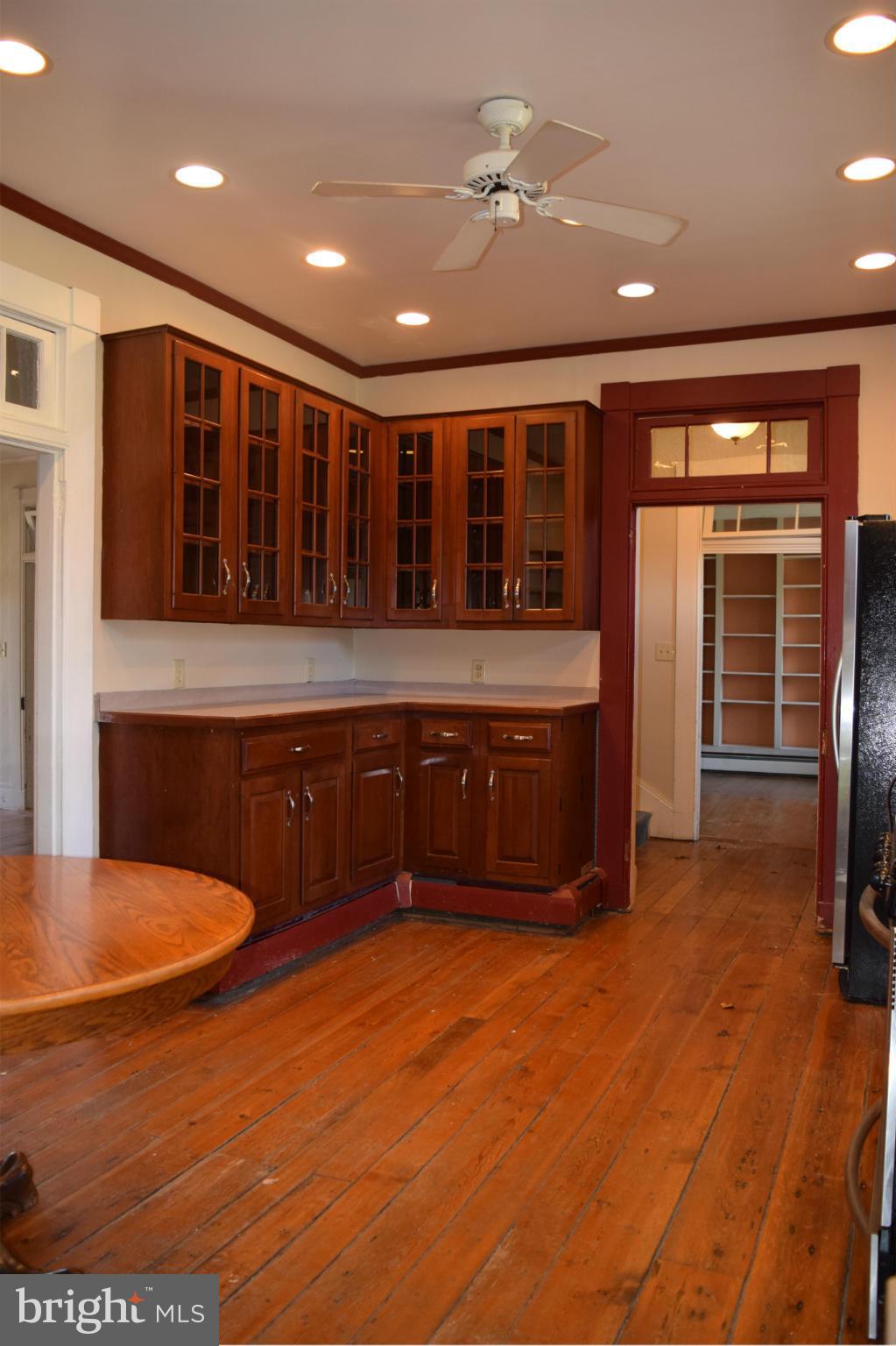 205 Hoff Road Union Bridge, MD 21791 - Photo 14 of 30 a large kitchen with stainless steel appliances granite countertop a sink and a refrigerator
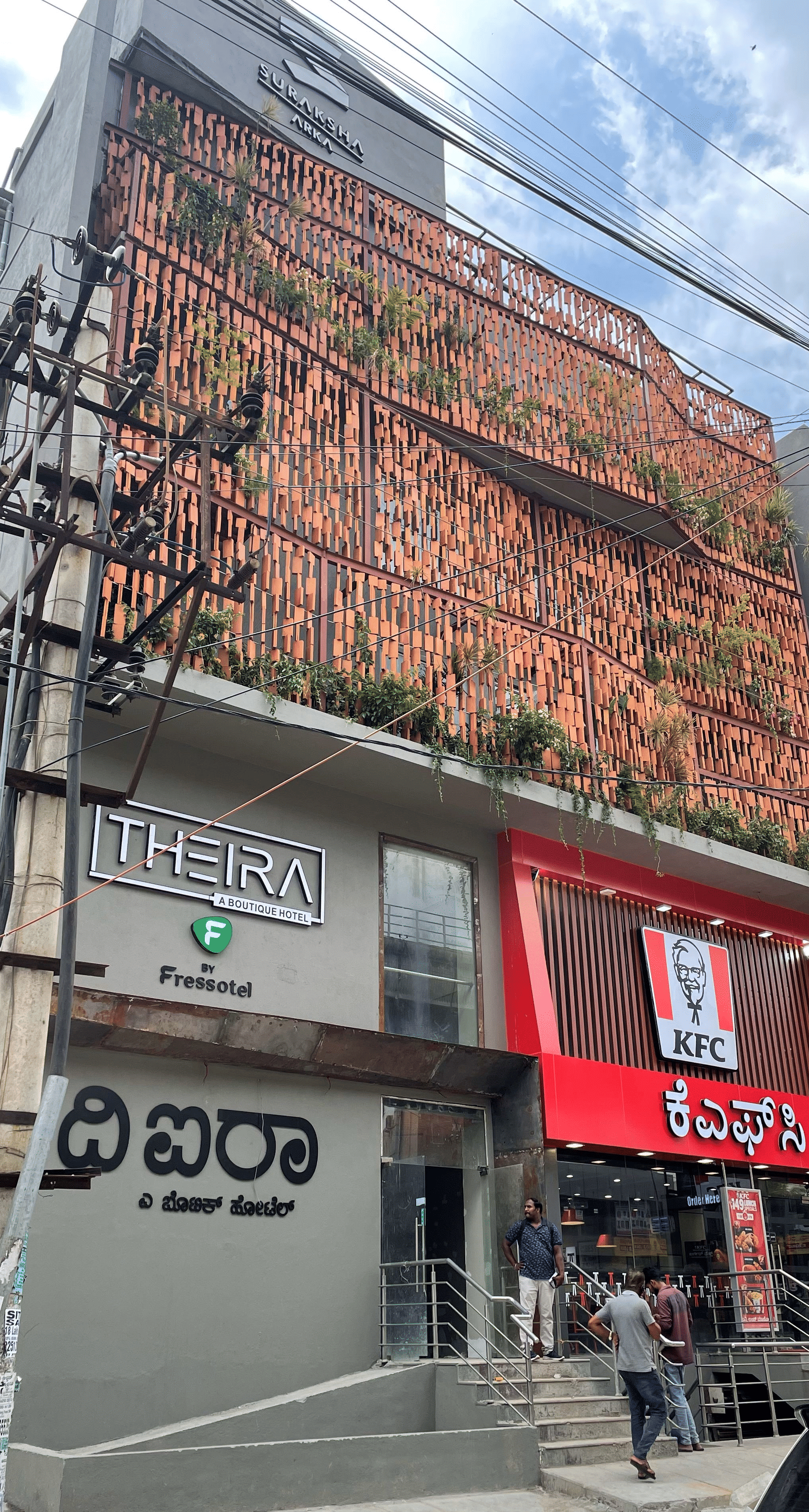 Facade image of Theira Fressotel, Bangalore with white clouds on blue sky in the background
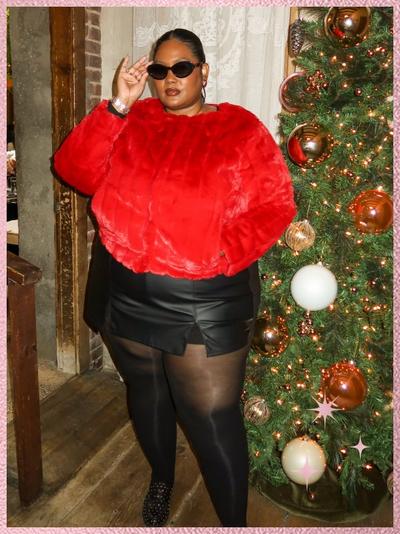 'A woman stands indoors beside a decorated Christmas tree with warm white lights and copper, gold, and white round ornaments, wearing a bright red faux fur cropped jacket, a black faux leather mini skirt, sheer black tights, and black slip-on shoes with small metallic studs, accessorized with black cat-eye sunglasses, gold hoop earrings, and a bracelet, her hair pulled back, one hand raised to adjust her sunglasses, standing on a wooden floor near a brick wall and doorway with lace curtains, a pink textured border framing the image with small pink sparkle star graphics near the lower right.'
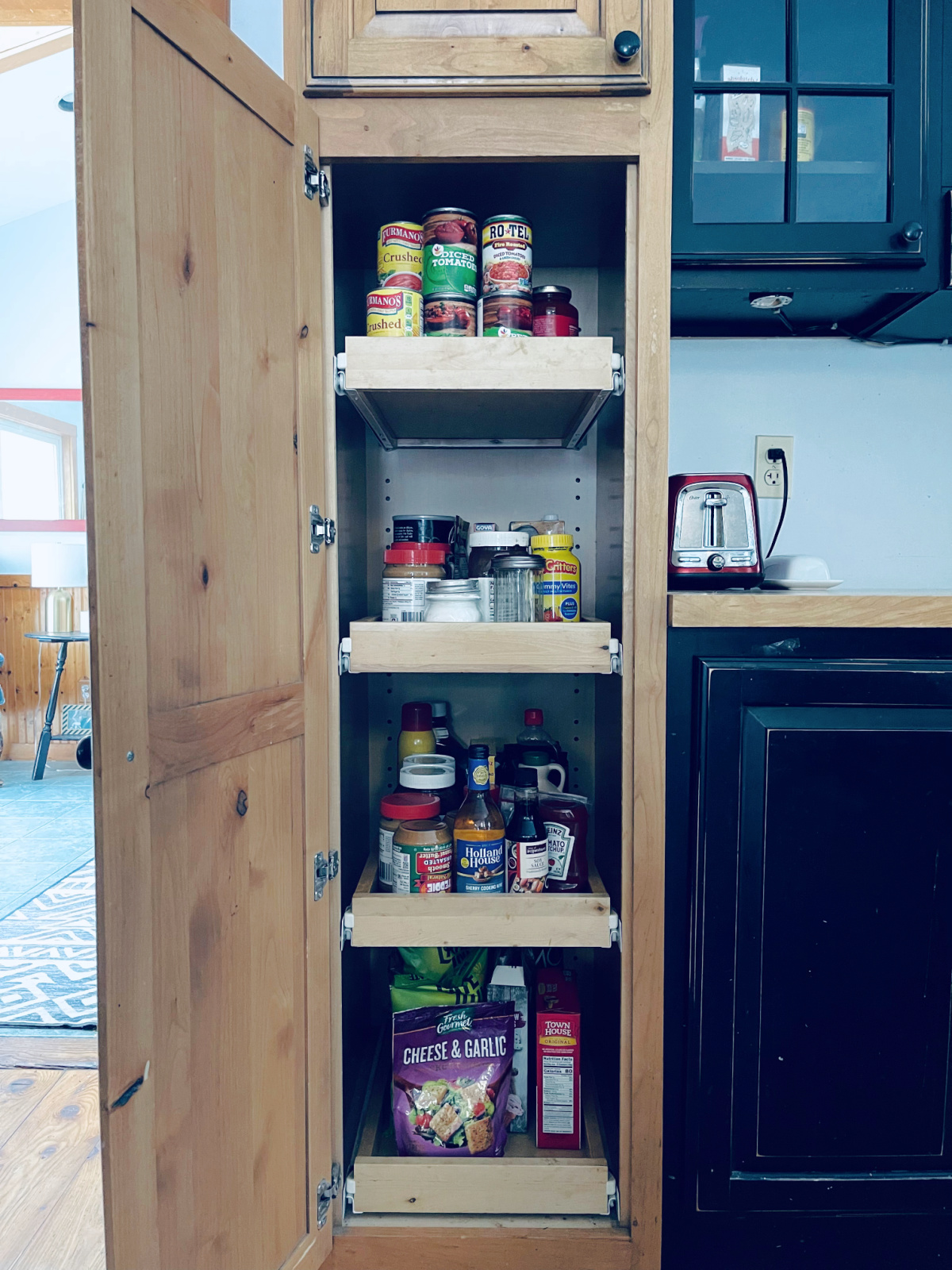 minimalist pantry pull-out shelves with canned goods, condiments, spreads, and snacks.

—————

● **Task item**:
Could you write out the whole listing exactly, skipping every picture?

● **Result below**:
 205 Hoff Road Union Bridge, MD 21791 - Photo 14 of 30 a large kitchen with stainless steel appliances granite countertop a sink and a refrigerator
 Facade image of Theira Fressotel, Bangalore with white clouds on blue sky in the background
 'A woman stands indoors beside a decorated Christmas tree with warm white lights and copper, gold, and white round ornaments, wearing a bright red faux fur cropped jacket, a black faux leather mini skirt, sheer black tights, and black slip-on shoes with small metallic studs, accessorized with black cat-eye sunglasses, gold hoop earrings, and a bracelet, her hair pulled back, one hand raised to adjust her sunglasses, standing on a wooden floor near a brick wall and doorway with lace curtains, a pink textured border framing the image with small pink sparkle star graphics near the lower right.'
 minimalist pantry pull-out shelves with canned goods, condiments, spreads, and snacks.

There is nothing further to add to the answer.